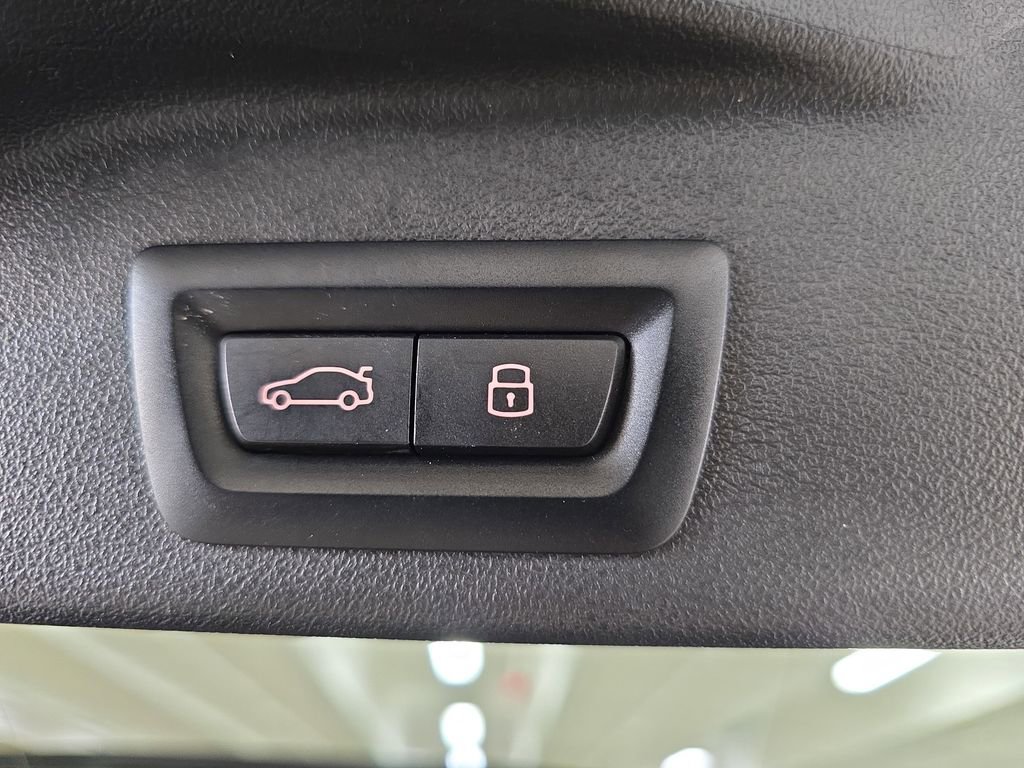 Used 2024 BMW X5 xDrive40i w/ Executive Package image 31
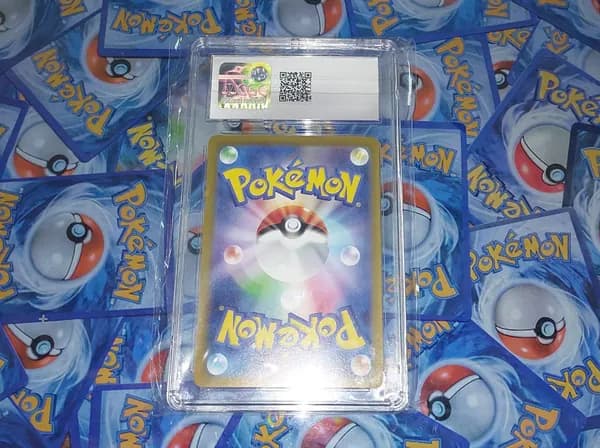 Geodude CGC GEM 10 - Masterball Reverse Holo - 074/165 image 2
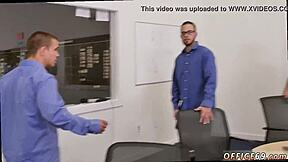 Cowok Muda 18+ Turunin Celana untuk Fun Blowjob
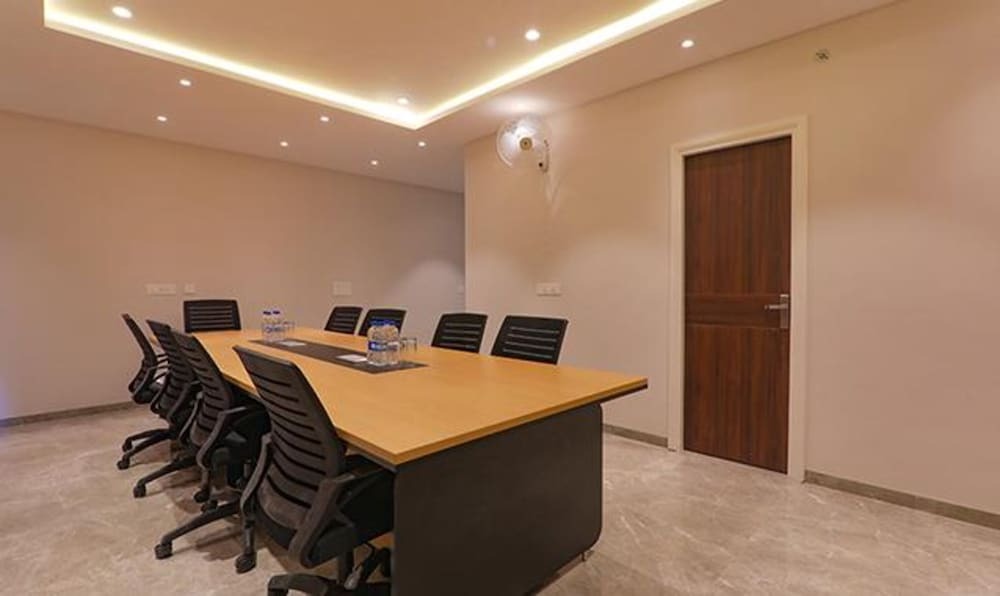 Лакхнау: Fabhotel Pratham Inn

· · ·

Task: Please copy out each line above exactly as written, but not the pictures.

Task response:
 Used 2024 BMW X5 xDrive40i w/ Executive Package image 31
 Geodude CGC GEM 10 - Masterball Reverse Holo - 074/165 image 2
 Cowok Muda 18+ Turunin Celana untuk Fun Blowjob
 Лакхнау: Fabhotel Pratham Inn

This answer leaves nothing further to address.